DeKALB – With the game on the line, the Northern Illinois men's basketball team went to the line repeatedly on Saturday against San Jose State, normally a fruitful scenario for the opposition.
The Huskies made just 54 percent of their free throws in their first two games of the season, both close losses, and despite improved shooting throughout the game, Aksel Bolin and Daveon Balls had each recently missed the front end of a one-and-one.
But on this day, the Huskies knocked down five of six free throws in the final 16 seconds – two from Travon Baker, one from Darrell Bowie, and two from Aaron Armstead which led NIU to a 60-59 win over the Spartans.
“[Missing free throws is] like a domino effect,” Balls said. “But we found a way to make free throws … It's really great for our confidence going into next game, going in with a win.”
Certain flaws weren't so easy to fix. The Huskies still made just 3-of-15 three-pointers, and shot just 34.5 percent from the field.
But poor outside shooting didn't matter quite as much on Saturday, because 6-foot-10 center Jordan Threloff repeatedly found strong position in the post down the stretch and knocked down inside shots on his way to a career-high 17 points.
“It's a great thing [hitting a few shots in a row] because I have more confidence in my shot and my teammates are confident getting me the ball,” Threloff said. “It's huge for myself and the team. We started off a little slow and couldn't get a couple of games. Now we won a close one.”
After Balls scored seven of his career-high 15 points during a nine-minute span midway through the second half, San Jose State (0-3) took a 43-42 lead on a three-pointer with 7:34 remaining.

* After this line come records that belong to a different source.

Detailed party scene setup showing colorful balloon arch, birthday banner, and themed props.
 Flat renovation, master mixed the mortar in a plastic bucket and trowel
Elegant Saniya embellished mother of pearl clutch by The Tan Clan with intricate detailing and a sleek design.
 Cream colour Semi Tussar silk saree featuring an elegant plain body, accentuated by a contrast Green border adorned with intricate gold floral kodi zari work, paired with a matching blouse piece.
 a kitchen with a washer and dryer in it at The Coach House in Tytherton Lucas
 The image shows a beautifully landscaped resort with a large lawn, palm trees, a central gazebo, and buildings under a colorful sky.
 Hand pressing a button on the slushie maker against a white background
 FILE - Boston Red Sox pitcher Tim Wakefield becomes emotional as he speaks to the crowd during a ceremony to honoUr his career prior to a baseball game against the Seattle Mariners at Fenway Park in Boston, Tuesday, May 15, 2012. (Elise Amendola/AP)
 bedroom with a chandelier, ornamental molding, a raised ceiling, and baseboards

But the Huskies (1-2) found Threloff in the post time-after-time, and the former DeKalb star scored eight of the next 10 points for NIU, punctuated by a dunk that made the score 53-49 with 3:31 remaining.
“Our guys got the memo to have patience and get the ball inside,” NIU coach Mark Montgomery said. “Maybe our team isn't used to it because we didn't have those big guys last year. We're a new team, we're still getting used to each other. But definitely there has to be a player's trust, a coach's trust. And today we took a big step, where the guards trusted the bigs and then they delivered. We like the result so hopefully we can keep this recipe.
After that point, all NIU needed to do was hit free throws down the stretch, usually not such a simple task.
After losing 11 straight dating back to last season, the Huskies won their first game since Jan. 30, 2013.
“I told the guys that I was getting a little worried, because dating back to last year, you had some close games at the end, and then our first two games, unfortunately we didn't finish,” Montgomery said. “But it feels good. You want to be in the winners circle.”